In 1987 Mr Soros published his first book The Alchemy of Finance arguing that markets and economies rather than being rational and efficient are reflexive and fallible, making them subject to deep uncertainty and capable of phenomena such as bubbles and crashes. In a series of books and articles over the following decades he explored the implications of his ideas for economics and public policy. While his theory generated significant interest in the financial community, particularly given his success as an investor, it was largely ignored by mainstream academic economists.

But more recently as economists have looked to reform their field and create a new post-crisis economics they have begun to seriously engage with Soros’s theory. At the INET 2012 annual conference in Berlin, he gave a plenary speech at the German Foreign Ministry titled “Challenging the Foundations of Economic Thinking” in front of an international audience of more than 300 leading economists and policy practitioners that set off a vibrant debate throughout the conference.

That debate caught the attention of the editors of the Journal of Economic Methodology, Prof. Wade Hands of the University of Puget Sound, and Prof. John Davis of Marquette University. They decided to convene a symposium to further explore Mr. Soros’s ideas and their implications for economics. They invited Mr. Soros to contribute a new article and 18 leading scholars to respond. The journal symposium was further supported by two international workshops on reflexivity convened at Central European University and chaired by Eric Beinhocker.
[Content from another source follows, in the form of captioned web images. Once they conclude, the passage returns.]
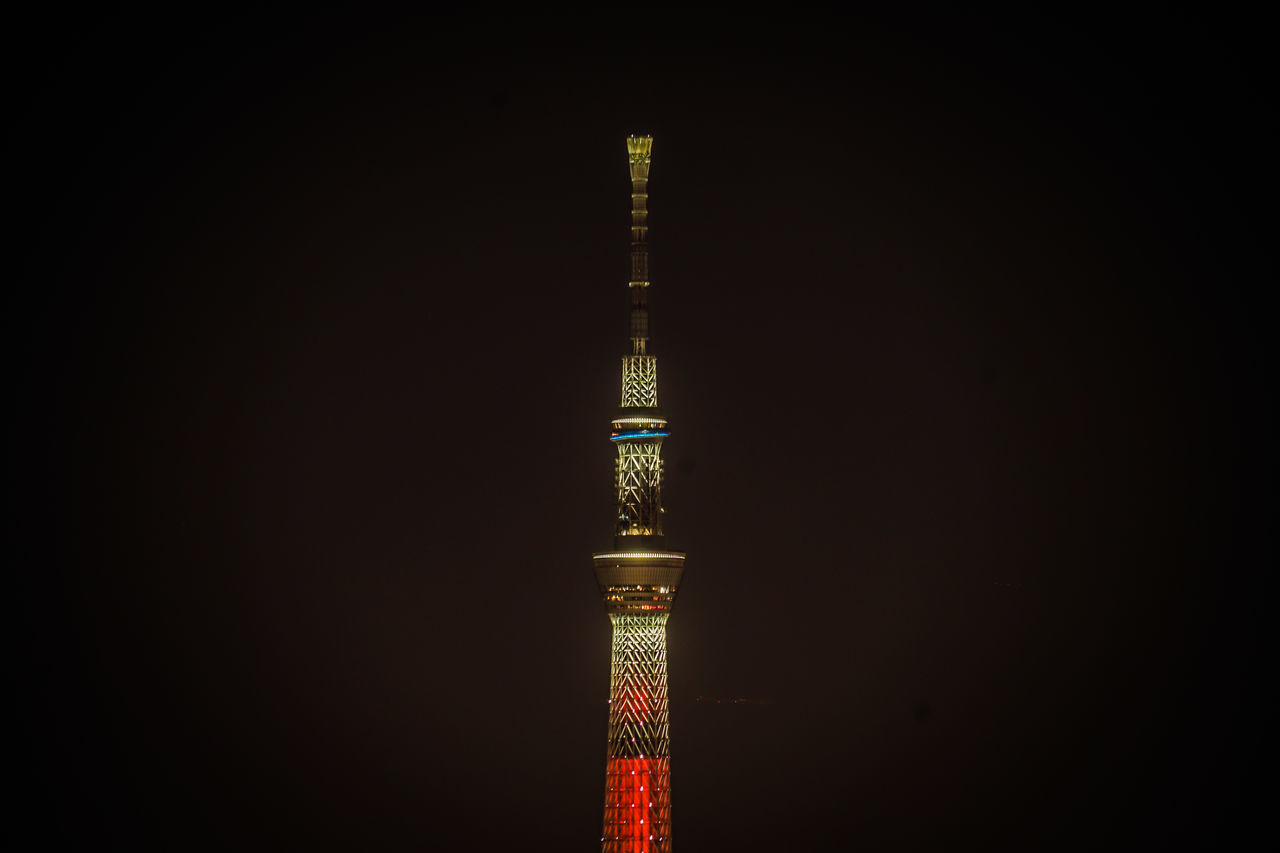 ILLUMINATED TOWER AT NIGHT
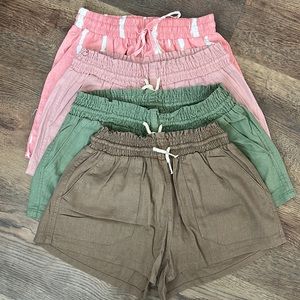 Set of 4 size Medium shorts purchased at a local boutique. They are adjustable.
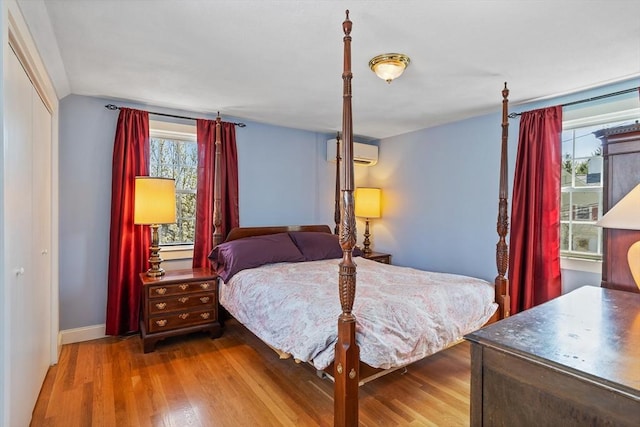 bedroom with baseboards, a wall mounted air conditioner, wood finished floors, and vaulted ceiling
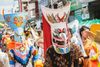 People wear colorful masks as part of the Phi Ta Khon ghost festival parade in Thailand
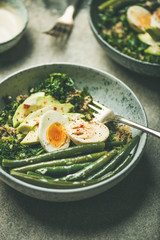 Healthy vegetarian breakfast bowls. Quinoa, kale, green beans, avocado, egg and tahini dressing bowls over concrete background, selective focus. Energy boosting, diet food concept
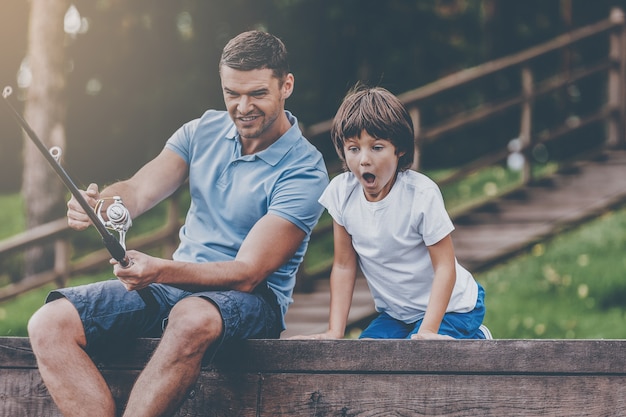 ¡Es un pez grande! Feliz padre e hijo pescando juntos mientras el niño pequeño se ve emocionado y mantiene la boca abierta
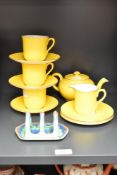 A Shelley fine bone china tea service, decorated with gilt edging on a yellow ground, comprising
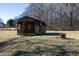 Two storage sheds and fire pit in the backyard at 3038 Bramblegate Dr, Mebane, NC 27302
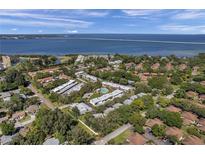 Aerial view of community near the waterfront at 1827 Pine Cone Cir, Clearwater, FL 33760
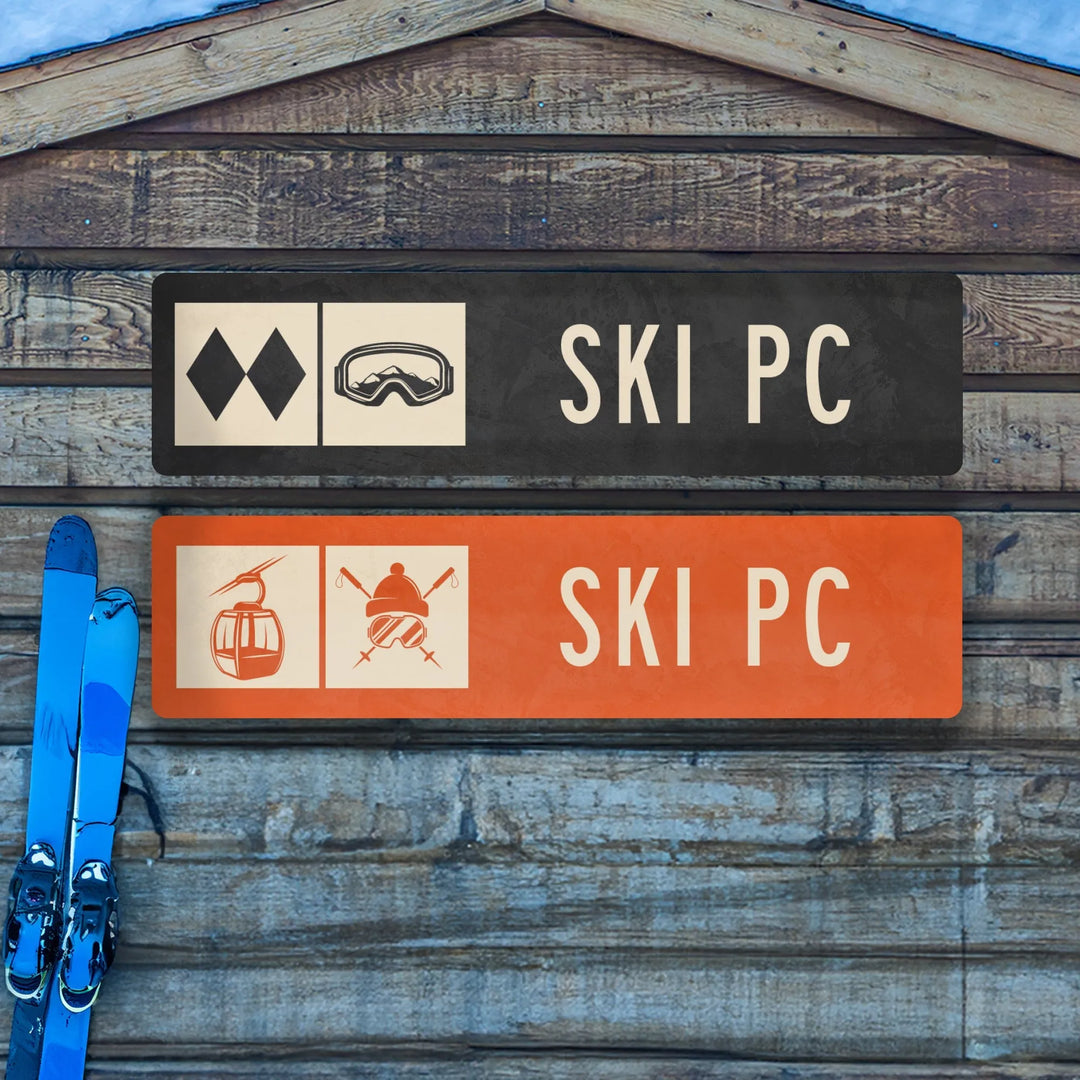 Two metal ski trail signs on wooden wall with blue skis beside them, one black with goggles, one orange with cable car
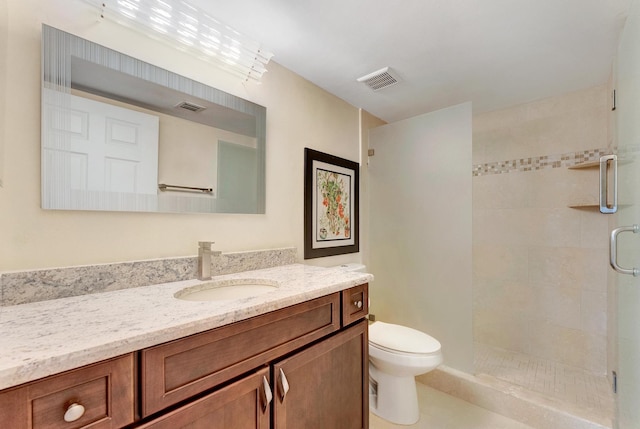 bathroom with vanity, a shower with shower door, and toilet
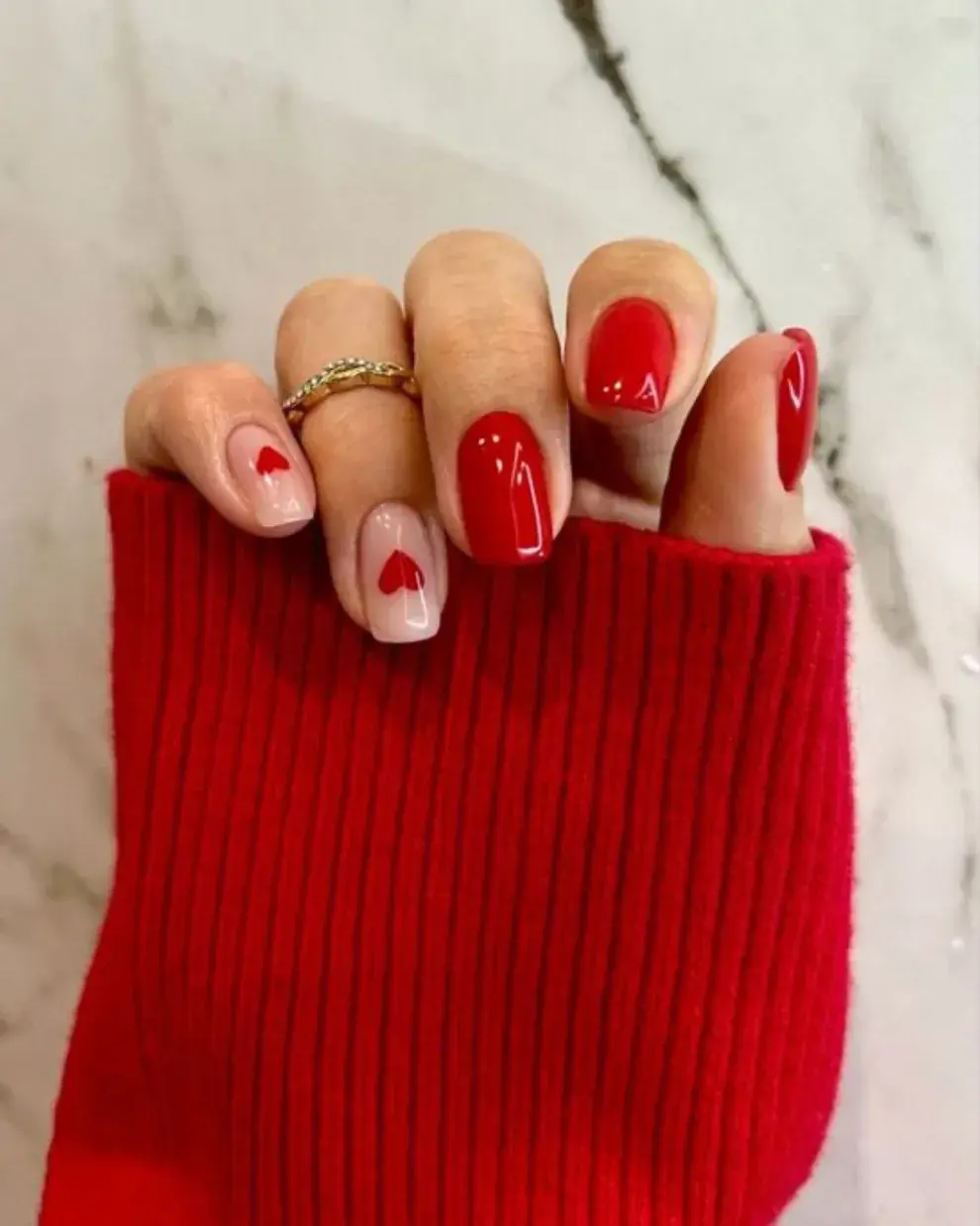 Foto de una mano con las uñas pintadas de rojo.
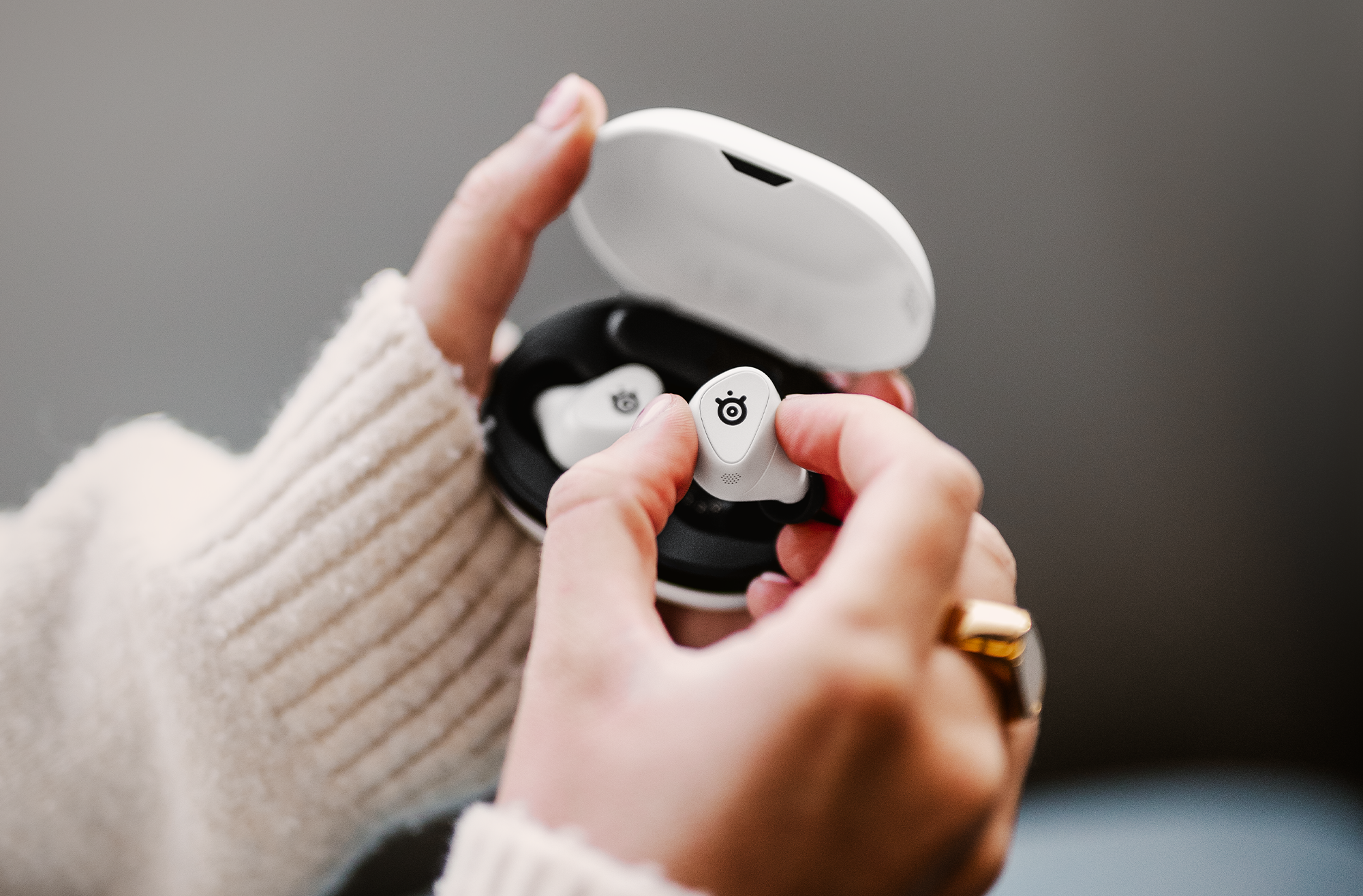 A stock photo of the white Steelseries Arctis Gamebuds being removed from their case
There was much vigorous and productive debate between the scholars participating in both the symposium and workshops on the definition, meaning and implications of reflexivity. But there was also a strong consensus that Mr Soros’s work has raised a set of fundamental issues about the philosophical foundations of social science and that economists must grapple with those issues if we are to truly understand how the economy works and prevent or minimise future crises.